6. Perceiving and reacting: the savant’s interactions with the tendencies of his time (pietism, enlightenment, patriotism/republicanism etc.) – which of those does he perceive, which does he blank out, how does he become involved etc.
Invited keynote speakers include:
Hans-Erich Bödeker (Göttingen)
Laurence Brockliss (Oxford)
Lorraine Daston (Berlin)
Jeanne Peiffer (Paris)
Justin Stagl (Salzburg)
Kurt Wüthrich (Zürich/La Jolla, Nobel Prize 2002)
Simone Zurbuchen (Fribourg)
For a detailed programme see http://www.haller300.ch/conferences.html
The papers should be a maximum of 25 minutes and must relate to one of the six topics. They can be based on an individual scholar, but rather than looking at this scholar in isolation they need to situate him or her in a broader context and address a more general question. The organizers bear the costs for travel, board and lodging of the invited speakers. The congress languages are English, German and French.

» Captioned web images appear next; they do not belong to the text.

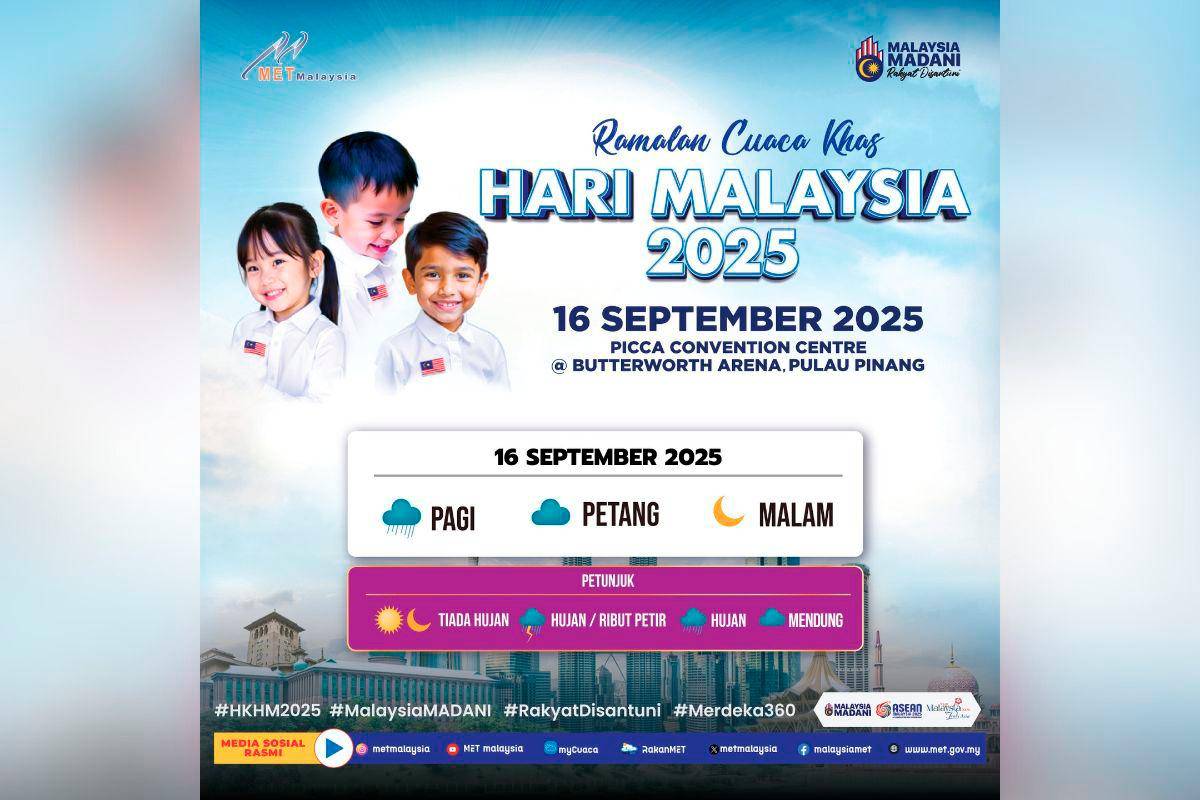 Butterworth weather forecast for Malaysia Day 2025 celebration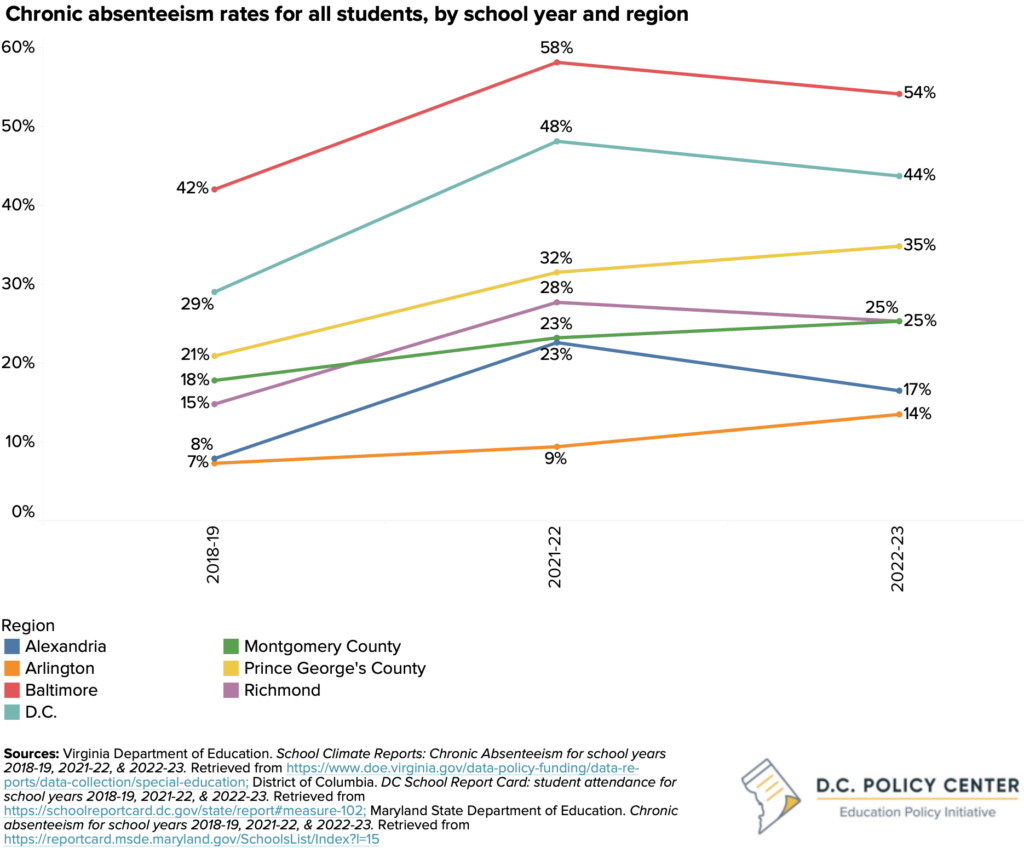 Chronic absenteeism for all students by school year in the DMV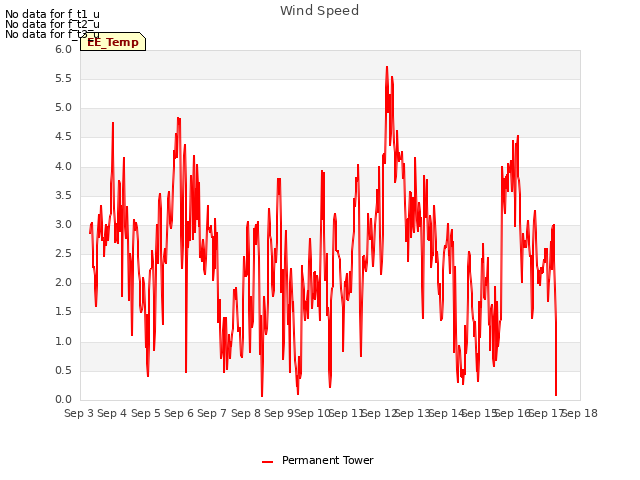 plot of Wind Speed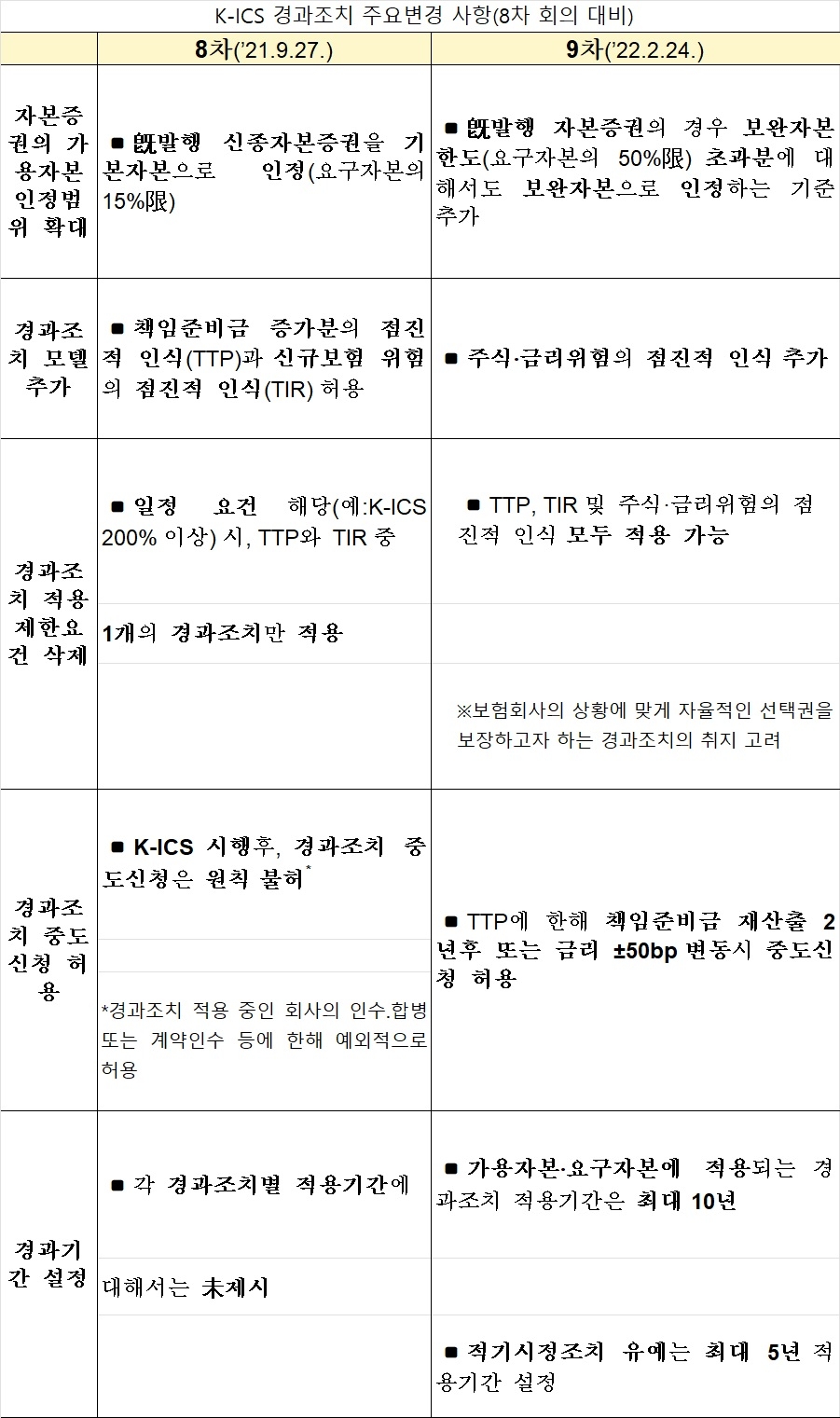 자료 = 금융위원회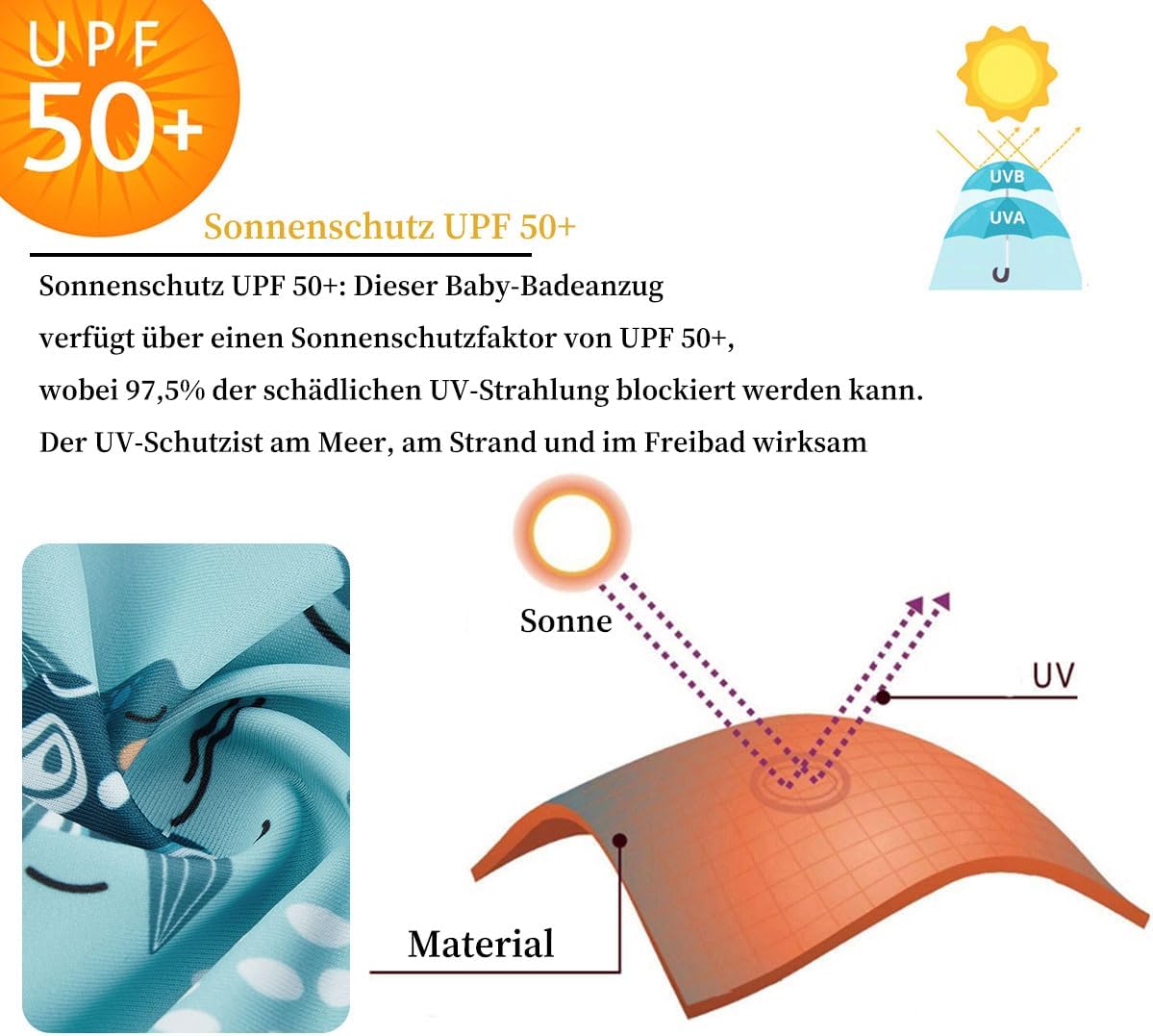 Thumbnail 1 de UMELOK Baby Badeanzug Mädchen mit UV-Schutz und Sonnenhut – UPF 50+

Please submit your abstracts (max. 2 pages) by January 31, 2008 to hubert.steinke@mhi.unibe.ch
The Congress is hosted by the Institute of History and the Institute of History of Medicine of the University of Bern, in cooperation with the Swiss Society for 18th-Century Studies, the Swiss Society for the History of Medicine and Natural Sciences, the Naturforschende Gesellschaft in Bern and the Swiss Academy of Sciences.